Des défis persistants et cinq axes prioritaires
Le ministère reconnaît toutefois que « des défis persistent », citant « des inégalités sociales et territoriales, les évolutions des pratiques, les transformations liées au numérique et l’émergence de nouveaux phénomènes, parmi lesquels le chemsex ». Pour y répondre, la feuille de route met en avant cinq axes prioritaires.
Prévention précoce et information des publics
Le premier axe vise à renforcer l’information en amont, notamment via le déploiement effectif de l’Evars, avec les jeunes comme cible prioritaire. La loi prévoit au moins trois séances par an dans les écoles, les collèges et les lycées. Le programme entend « faciliter la mise en œuvre de ces séances obligatoires et soutenir les enseignants grâce à un cadre clair et partagé à l’échelle nationale ». Il doit aussi permettre de communiquer de manière transparente, notamment à destination des familles, sur « le contenu des séances et les principes de mise en œuvre ».
Le deuxième axe concerne l’accès aux offres de santé sexuelle. Le ministère souhaite une meilleure visibilité des structures – centres gratuits d’information, de dépistage et de diagnostic (CeGIDD), centres de santé sexuelle, médecine de ville – afin d’en faciliter l’accès « au plus près de son lieu de vie ». Le développement des dispositifs « aller-vers », qui consistent à envoyer des équipes médicales mobiles sur des thématiques précises (santé mentale, handicap, soins bucco-dentaires, etc.), doit aussi contribuer à toucher les publics les plus éloignés des soins.

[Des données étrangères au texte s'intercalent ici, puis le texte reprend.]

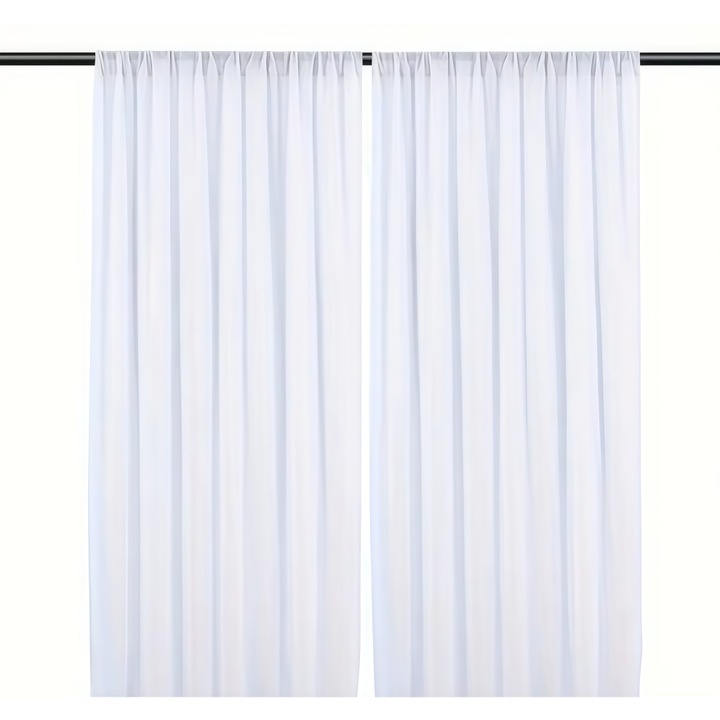 Félátlátszó fehér voile függönyök, elegáns design, 140x245cm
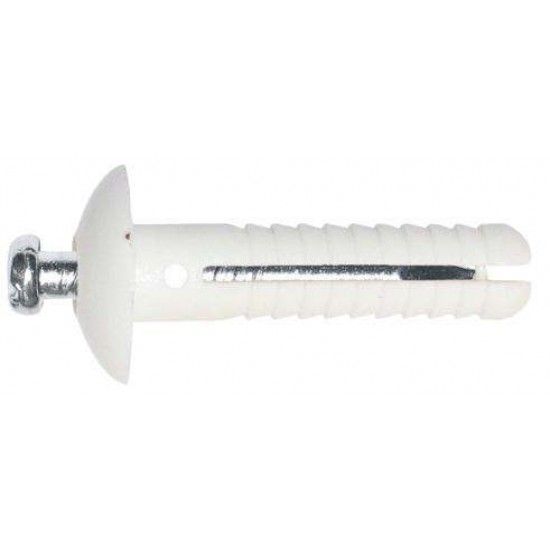 Bucha nylon TP cogumelo mf TP-3   6x25mm  ref 121.0059 MACFER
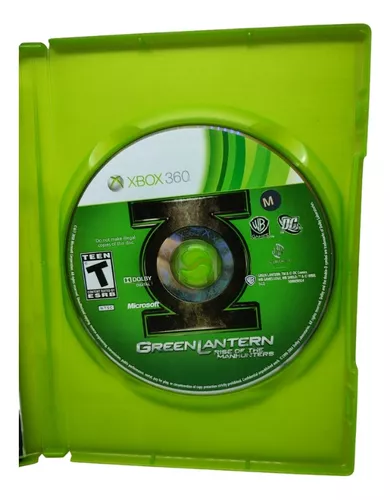 green lantern lanterna verde jogo para xbox 360 - 3d ntsc - Retro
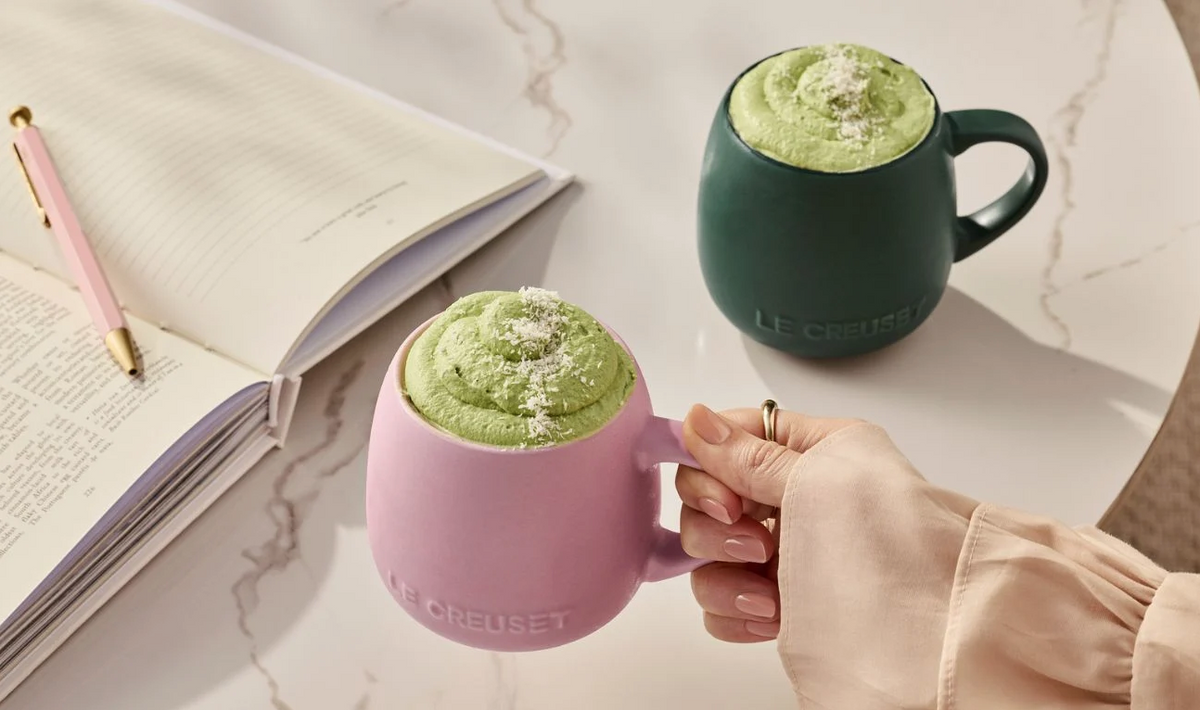 Le Creuset Serenity Mugs Set of 4 (Forêt / Sugar Pink)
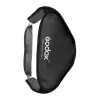 Godox SFUV5050 sulankstomas kvadratinis softbox 50x50cm su S-Type tvirtinimu, sidabrinis vidus, nuimami difuzoriai ir nešiojimo krepšys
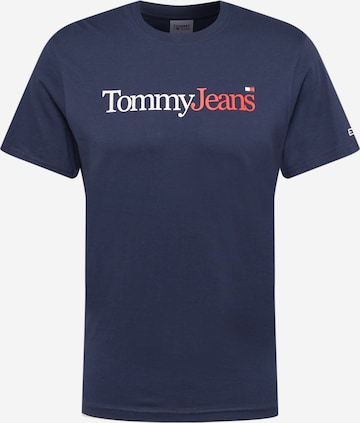 Tommy Jeans Koszulka w kolorze niebieski: przód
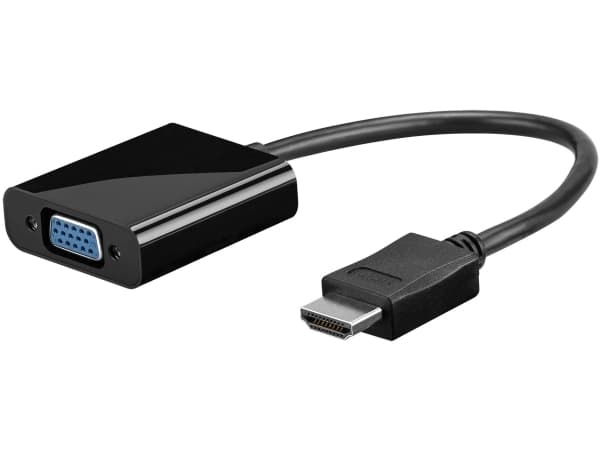 goobay - Videokonverter - HDMI - VGA - svart - løsvekt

Accélérer la lutte contre le VIH, les IST et les hépatites
Le troisième axe porte sur l’accélération de la lutte contre le VIH, les IST et les hépatites virales. La France veut maintenir « son ambition d’élimination de la transmission du VIH à l’horizon 2030, en renforçant le dépistage, la prévention combinée et l’accès aux traitements innovants comme la PrEP ».
Le quatrième axe « consolide l’accès effectif à la contraception et à l’IVG, dans une logique de simplification des parcours et d’égalité d’accès sur l’ensemble du territoire ».
Lutter contre les inégalités
Enfin, le ministère témoigne d’une « attention renforcée » aux publics les plus exposés : jeunes, personnes en situation de précarité, personnes en situation de handicap, personnes LGBT+, personnes migrantes et personnes en situation de prostitution. Cette stratégie nationale devra désormais être déclinée en actions concrètes sur le terrain, avec un suivi régulier pour mesurer les progrès d’ici 2030.